So my DP has ground to a halt, and I find myself facing some things.
ADF leadership – I can sum this up in a few sentences. Where are the women in higher leadership? And also, why does there seem to be a growing disconnect between the org’s leadership and the org’s membership? Is my future with ADF or elsewhere?
Local ADF politics – There’s a huge subtext here that I don’t know – don’t want to know, but can feel. I don’t feel like reaching out to either group because I don’t want to deal with the tension, I don’t want to take sides and because certain personality styles give me hives.
Public vs private – I don’t want a church experience. That is to say, I don’t want to show up for holy days or moon days and not know and feel connection with the people I’m working with. I have no illusions – this is a relic of my work within a tradition that valued small, intimate groups, and is not likely how “people of old” celebrated. Nonetheless, I want to be able to choose who I spend my time with so I can go where I need to go in psychic, emotional, spiritual and physical safety.
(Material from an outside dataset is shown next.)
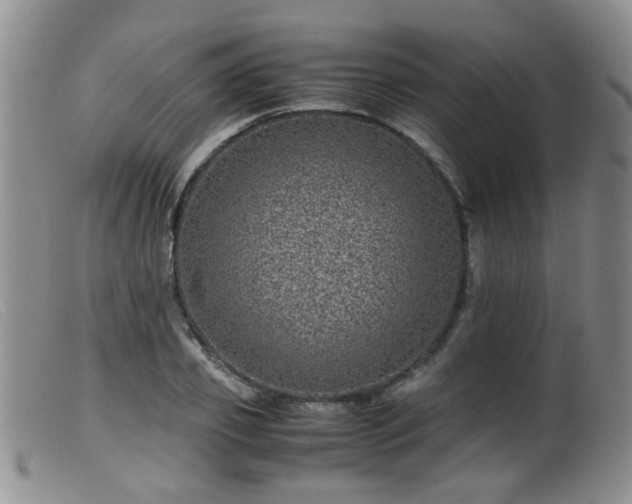X0000099470933200805161107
Mythological focus – The Irish are currently out of vogue, it seems, and finding people who want to geek out about the Irish is hard. Finding local folks who want to geek out about the Irish and build a practice that has an Irish focus is harder still. I’m always so out-of-sync with what everyone else is excited about.
Internal issues – I’m working on these in other forums, but depression is definitely trying to push its way back into prominence. I’m starting to see a pattern – it starts in January and grows with the sun.
And here I am. Do I continue with the DP, or is it spending time in an organization about which I am starting to have concerns? I am looking at other druidic organizations – I am particularly interested in OBOD’s Druidcraft concept, but having trouble finding people to explore with me.
A wise friend suggested finishing the DP just to see where it takes me, that membership in a grove or indeed, even in ADF is not a required outcome of the DP. Maybe that’s where I need to take it.